Millions of dollars in student loan debt could have been cancelled already had the student loan machinery worked properly, according to a government watchdog.
A new report by the Government Accountability Office (GAO) looked into income-driven repayment (IDR) plans and found that as of June 1, 2021, around 7,700 student loans were due to be forgiven under existing rules — but the Education Department (ED) had only approved 157 loans to actually be discharged.
"Until Education takes steps to address such errors, some borrowers may not receive the IDR forgiveness they are entitled," the report stated. "This risk will increase as Education data show loans potentially eligible for IDR forgiveness will climb to about 1.5 million loans by 2030."
IDR plans allow student loan borrowers to drop their monthly payments to as low as $0 if their income dips below a certain threshold. If they complete 10, 20, or 25 years of payments, depending on their plan, they qualify to have the rest of their debt written off by the federal government.
“Today’s GAO report confirms serious problems with the management of Income-Driven Repayment plans, which were intended to serve as a safety net for low-income student borrowers and provide them with a clear path to loan forgiveness,” House Education and Labor Committee Chairman Bobby Scott (D-VA) said in a statement on Wednesday.
In a letter within the report, Federal Student Aid Chief Operating Officer Rich Cordray acknowledged several recommendations by the GAO and stated that he's “committed” to improving the experience for student borrowers by adopting new measures.
IDRs were an Obama-era initiative
The GAO report highlighted how the IDR initiative — implemented by the Obama administration to tackle rising student loan debt — has largely failed.
"We... were very focused on trying to improve income-driven repayment plans and our hope was in the Obama administration that income-driven repayment would help address the student debt crisis," John King, a former Education Secretary in the Obama administration, told Yahoo Finance recently. "But the reality is, it hasn't."
About $500 billion in outstanding federal Direct Loans are being repaid by borrowers through IDR, according to the GAO.
Why only 157 and not 7,700 student loans were cancelled
The GAO report highlighted how a lack of data hindered accurate payment counts and led to confusion over cancellation of debt.
Roughly 70,300 loans had been in repayment long enough to possibly qualify for forgiveness as of September 1, 2020. Of these loans, 62,600 did not qualify for forgiveness, including 2,700 that were in default.
Another 7,700 loans that were in repayment — around 11% of the loans analyzed — could be "potentially eligible" for IDR forgiveness, but the government's repayment data did not provide enough information on why these loans had not been forgiven back in September 2020. ED approved cancellation for 157 loans under IDR as of June 1, 2021.
"Education officials said data limitations make it difficult to track some qualifying payments and older loans are at higher risk for payment tracking errors," the GAO report stated.

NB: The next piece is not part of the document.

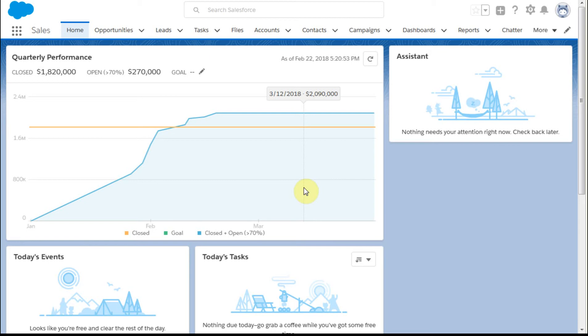Now that we've logged a call, let's talk about creating a task.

A recent NPR investigation detailed systematic mismanagement of the payment count, including how paperwork often went missing when loans transferred from one servicer to another over the years.
The GAO stressed that the problem needed an urgent fix.
"Until Education takes steps to address such errors, some borrowers may not receive the IDR forgiveness they are entitled," the report stated, adding: "This risk will increase as Education data show loans potentially eligible for IDR forgiveness will climb to about 1.5 million loans by 2030."
Biden's latest effort to cancel debt
The Biden administration has recently taken steps to address the massive IDR debacle, bringing borrowers on 10- and 20-year forgiveness plans closer to the end goal in two ways.
ED continued its student loan cancellation effort by giving borrowers retroactive credit for "forbearance steering," a practice involving student loan servicers pushing borrowers into unnecessary interest-accruing forbearance.
ED also said it will also take greater care to accurately track monthly payments for borrowers on IDR.
Together, the news is expected to cancel the student debt of 40,000 borrowers who are under the Public Service Loan Forgiveness (PSLF) program while 3.6 million more will move closer towards forgiveness.
Lawmakers lauded ED's recent moves to address the broken IDR system, noting that they will likely help many who may be struggling with their student debt.
Rep. Scott stated that he was "pleased that the Biden-Harris Administration announced steps to fix the problem and help students receive the loan forgiveness to which they are entitled."
Advocates, meanwhile, slammed ED for not doing more.
“The failure of the ED to take responsibility for it and its servicers failures is inexcusable," Persis Yu of the Student Borrower Protection Center said in a statement. "For eight years, borrowers have been robbed of time that should count towards debt cancellation and ED did nothing to help them."
Yu said that ED's move to reform IDR "is a good first step to remedy some of the problems identified in the GAO report, but it does not go far enough." She called for ED to also count time spent in default as on-time monthly payments made towards the 20- or 25-year forgiveness plan.
“The problems identified suggest a much deeper systemic problem within the student loan system," Yu added. "We cannot rely on individual programmatic fixes to fix systemic problems. Widespread debt cancellation is needed immediately."